Information provided:

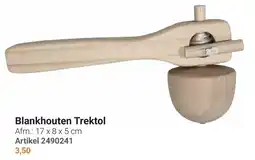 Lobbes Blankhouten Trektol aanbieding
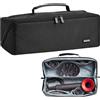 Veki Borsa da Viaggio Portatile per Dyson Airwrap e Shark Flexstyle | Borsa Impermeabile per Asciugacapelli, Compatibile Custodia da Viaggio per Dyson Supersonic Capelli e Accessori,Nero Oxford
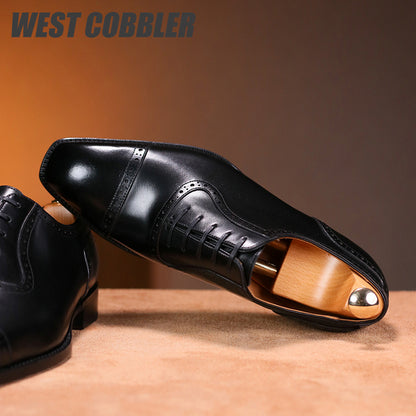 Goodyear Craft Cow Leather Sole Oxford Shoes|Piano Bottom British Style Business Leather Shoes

==

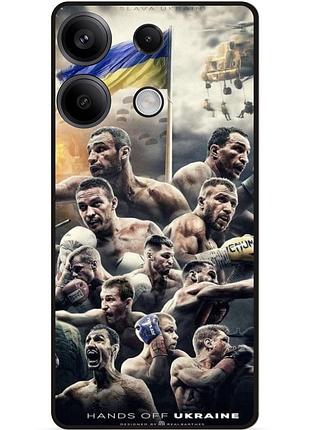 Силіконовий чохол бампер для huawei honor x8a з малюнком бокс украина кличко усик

--

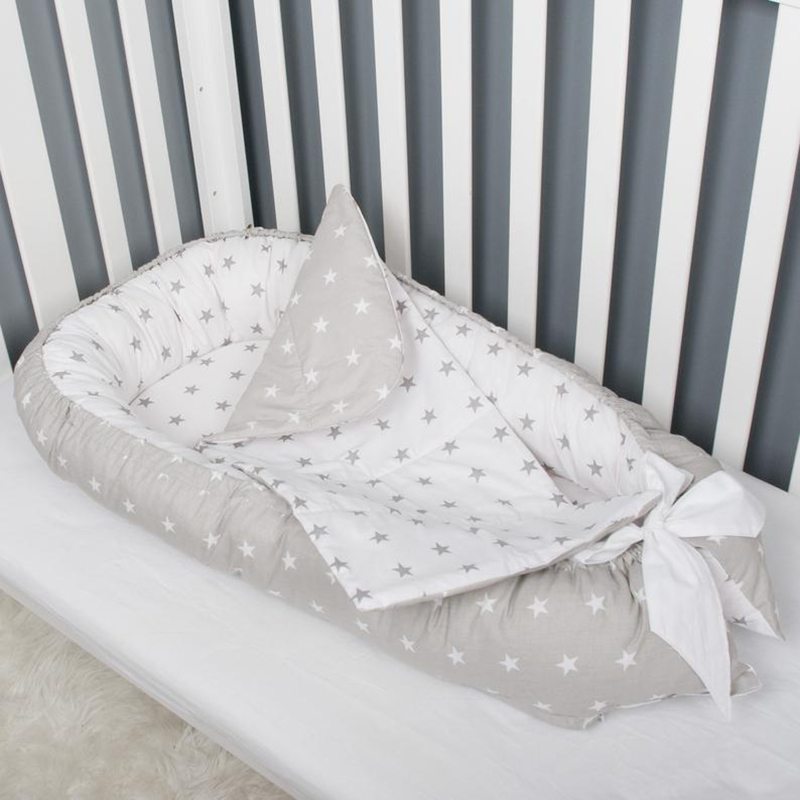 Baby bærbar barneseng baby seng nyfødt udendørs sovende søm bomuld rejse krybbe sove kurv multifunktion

Your task:
Reproduce the listing above exactly from the line containing "Veki Borsa da" up to and including the line containing "Goodyear Craft Cow", omitting any images and everything outside those lines.

Response area:
 Veki Borsa da Viaggio Portatile per Dyson Airwrap e Shark Flexstyle | Borsa Impermeabile per Asciugacapelli, Compatibile Custodia da Viaggio per Dyson Supersonic Capelli e Accessori,Nero Oxford
 Goodyear Craft Cow Leather Sole Oxford Shoes|Piano Bottom British Style Business Leather Shoes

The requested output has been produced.